Dans le cadre des négociations entre le Royaume-Uni et l’Union européenne, le statut des citoyens de l’Union résidant au Royaume-Uni et celui des Britanniques dans les 27 États de l’Union est un point important, sur lequel, des avancées notables auraient eu lieu.
Dont on ne connaît pas, comme d’habitude, la teneur.

Le Royaume-Uni a activé, le 30 mars 2017, l'article 50 du traité de Lisbonne, les négociateurs ont deux ans pour boucler les conditions du Brexit et le futur partenariat. Or des élections pour le Parlement européen auront lieu en juin 2019 et, en France, des municipales en mars 2020.
Il est donc urgent de savoir dans quelle conditions les citoyens britanniques pourront ou non y participer.

En effet, depuis 1992, les traités (1) stipulent qu’est « citoyen de l'Union toute personne ayant la nationalité d'un État membre… Les citoyens de l'Union... ont... le droit de vote et d'éligibilité aux élections au Parlement européen ainsi qu'aux élections municipales dans l'État membre où ils résident, dans les mêmes conditions que les ressortissants de cet État… »

Les citoyens britanniques, vivant dans les pays de l’Union européenne, pourront-ils voter à ces élections comme ils l’ont fait lors des élections européennes et municipales précédentes ? Et les ressortissants des 27 pays de l’Union européenne résidant au Royaume-Uni ?

Pour les élections européennes au Royaume-Uni, les choses sont simples. S’il est acté que le Royaume-Uni n’appartient pas à l’Union, il n’y aura pas d’élection de députés pour le Parlement européen.
Les ressortissants des 27, résidant au Royaume-Uni ne pourront voter que dans leur pays d’origine en fonction de sa législation.
Pour les Britanniques vivant dans un État de l’Union européenne, les choses sont un peu différentes. Les États n’auront plus l’obligation de leur donner le droit de vote et d’éligibilité mais rien n’empêche ces États de le faire.

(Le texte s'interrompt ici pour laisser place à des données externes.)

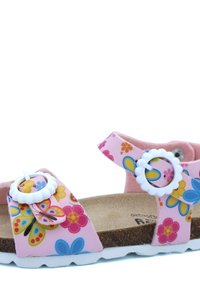 Sandale rose avec motifs floraux, semelle en liège, accents blancs et sangle réglable. Dispose d'une semelle texturée pour une meilleure adhérence.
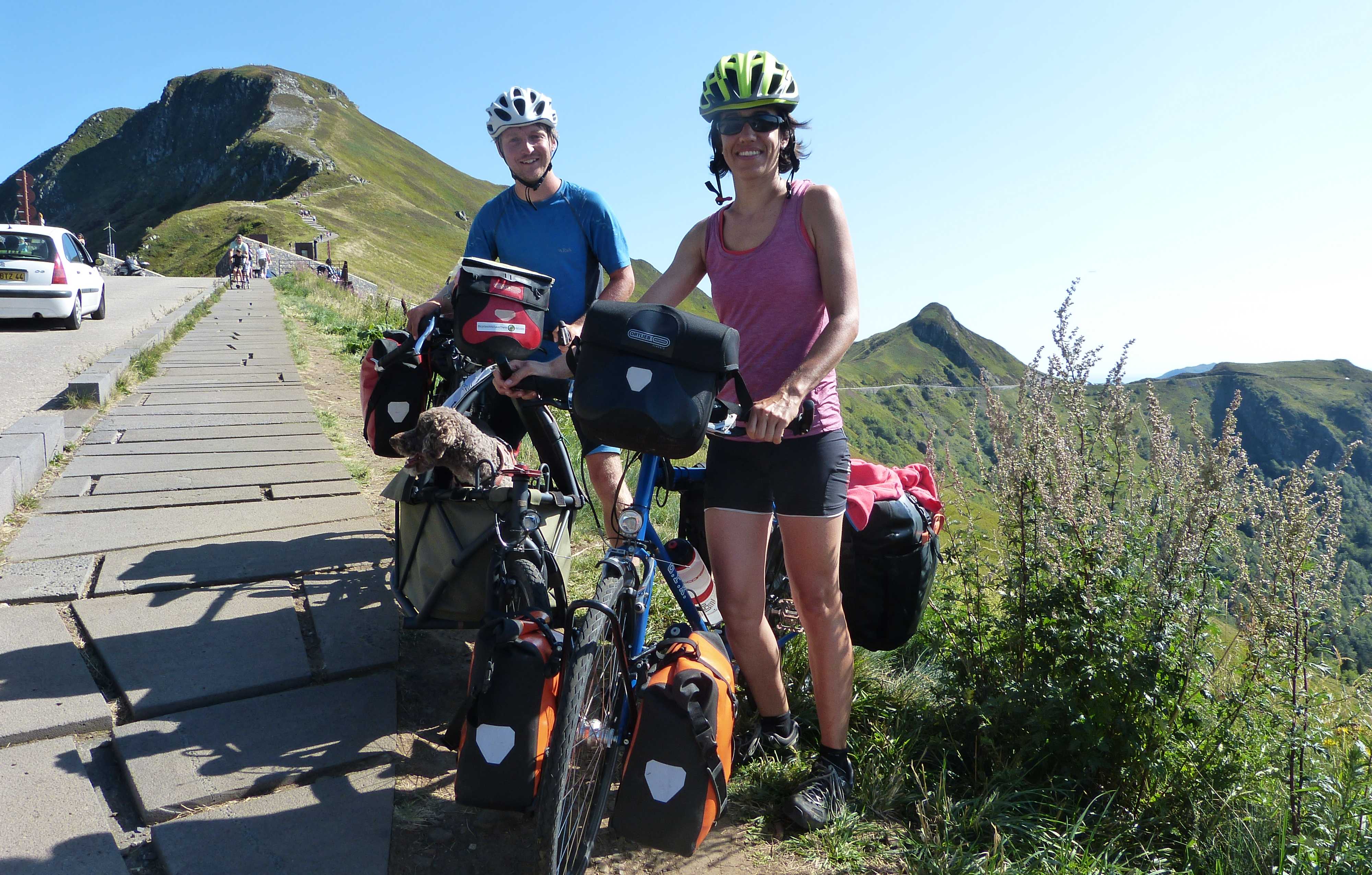 Looking very happy to have conquered the Pas de Peyrol, with the Puy Mary in the background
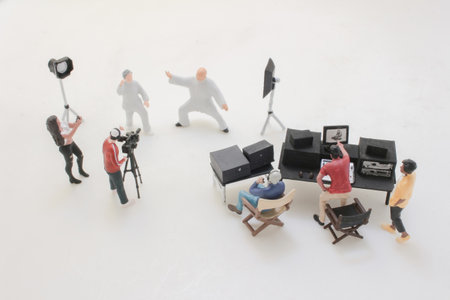 A tiny crew operates a video shoot in a miniature studio,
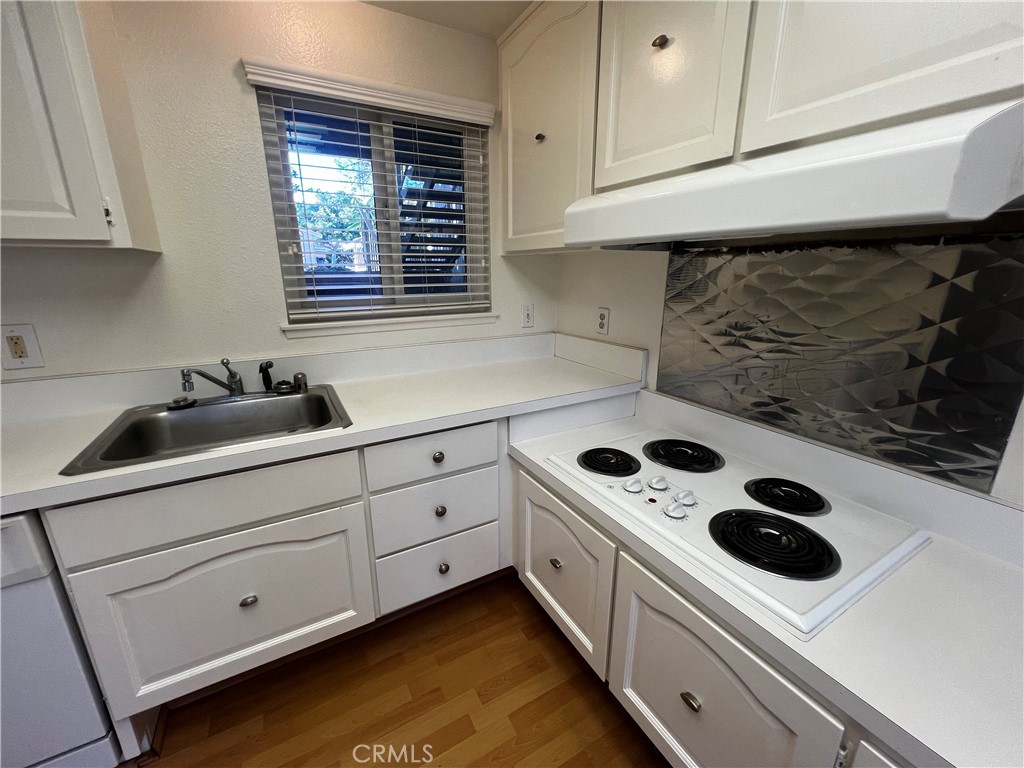863 Ronda Mendoza, Unit B Laguna Woods, CA 92637 - Photo 24 of 37 a kitchen with white cabinets and white appliances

En octobre 2003, à la suite du différend entre l’Espagne et le Royaume-Uni sur les élections pour le Parlement européen à Gibraltar auxquelles ont participé des ressortissants du Commonwealth qui n’ont pas la nationalité britannique, la Commission européenne a considéré que le RU a étendu le droit de vote aux personnes résidant à Gibraltar dans le cadre du pouvoir d'appréciation conféré aux États membres par le droit communautaire… Aucun principe général de droit communautaire ne prévoit que, pour les élections au Parlement européen, l'électorat doit être limité aux citoyens de l'UE (2, 3, 4).
Il appartient donc à chaque État d’en décider sauf si le nouveau traité stipule le contraire. Il serait paradoxal, cependant, que l’Union punisse les citoyens britanniques les plus européophiles qui font preuve de leur volonté de s’intégrer aux peuples européens.

En France, le Conseil constitutionnel a statué que concernant le droit de vote et inéligibilité, il n’était pas nécessaire de modifier la Constitution (5)

 

Brexit et citoyenneté de l'Union européenne

La question est plus complexe concernant les élections municipales.
Les États de l’Union sont dans l’obligation de donner le droit de vote et d’éligibilité pour les élections municipales aux citoyens de l’Union vivant sur leur territoire.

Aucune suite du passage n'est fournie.